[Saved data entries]
Segment Open

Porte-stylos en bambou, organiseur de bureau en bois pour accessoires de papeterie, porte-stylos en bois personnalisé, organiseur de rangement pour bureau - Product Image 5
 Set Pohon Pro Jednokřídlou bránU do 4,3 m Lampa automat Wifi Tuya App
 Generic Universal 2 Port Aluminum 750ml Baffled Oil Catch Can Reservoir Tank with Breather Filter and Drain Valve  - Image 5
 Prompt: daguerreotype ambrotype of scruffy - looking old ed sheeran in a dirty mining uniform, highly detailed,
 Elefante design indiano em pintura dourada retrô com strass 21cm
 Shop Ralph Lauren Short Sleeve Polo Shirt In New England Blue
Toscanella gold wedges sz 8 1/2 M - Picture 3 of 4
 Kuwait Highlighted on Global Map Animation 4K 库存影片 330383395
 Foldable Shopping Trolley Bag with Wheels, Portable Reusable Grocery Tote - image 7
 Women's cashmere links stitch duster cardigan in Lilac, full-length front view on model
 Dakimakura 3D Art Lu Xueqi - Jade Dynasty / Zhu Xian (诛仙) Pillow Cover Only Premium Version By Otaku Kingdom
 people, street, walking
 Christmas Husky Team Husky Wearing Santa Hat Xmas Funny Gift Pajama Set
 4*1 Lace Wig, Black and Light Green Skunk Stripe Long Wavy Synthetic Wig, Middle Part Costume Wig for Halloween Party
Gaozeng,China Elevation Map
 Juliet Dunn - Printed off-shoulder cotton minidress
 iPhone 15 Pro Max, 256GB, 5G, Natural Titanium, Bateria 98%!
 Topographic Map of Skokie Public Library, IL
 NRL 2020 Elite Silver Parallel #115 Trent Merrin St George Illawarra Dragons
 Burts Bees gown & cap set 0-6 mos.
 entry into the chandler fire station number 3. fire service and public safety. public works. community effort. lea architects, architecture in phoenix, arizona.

Segment Closed

▸ Assignment
Only the lines from the one with "Foldable Shopping Trolley" through the last line of the records belong in the answer, each copied exactly.

▸ Expected answer
 Foldable Shopping Trolley Bag with Wheels, Portable Reusable Grocery Tote - image 7
 Women's cashmere links stitch duster cardigan in Lilac, full-length front view on model
 Dakimakura 3D Art Lu Xueqi - Jade Dynasty / Zhu Xian (诛仙) Pillow Cover Only Premium Version By Otaku Kingdom
 people, street, walking
 Christmas Husky Team Husky Wearing Santa Hat Xmas Funny Gift Pajama Set
 4*1 Lace Wig, Black and Light Green Skunk Stripe Long Wavy Synthetic Wig, Middle Part Costume Wig for Halloween Party
Gaozeng,China Elevation Map
 Juliet Dunn - Printed off-shoulder cotton minidress
 iPhone 15 Pro Max, 256GB, 5G, Natural Titanium, Bateria 98%!
 Topographic Map of Skokie Public Library, IL
 NRL 2020 Elite Silver Parallel #115 Trent Merrin St George Illawarra Dragons
 Burts Bees gown & cap set 0-6 mos.
 entry into the chandler fire station number 3. fire service and public safety. public works. community effort. lea architects, architecture in phoenix, arizona.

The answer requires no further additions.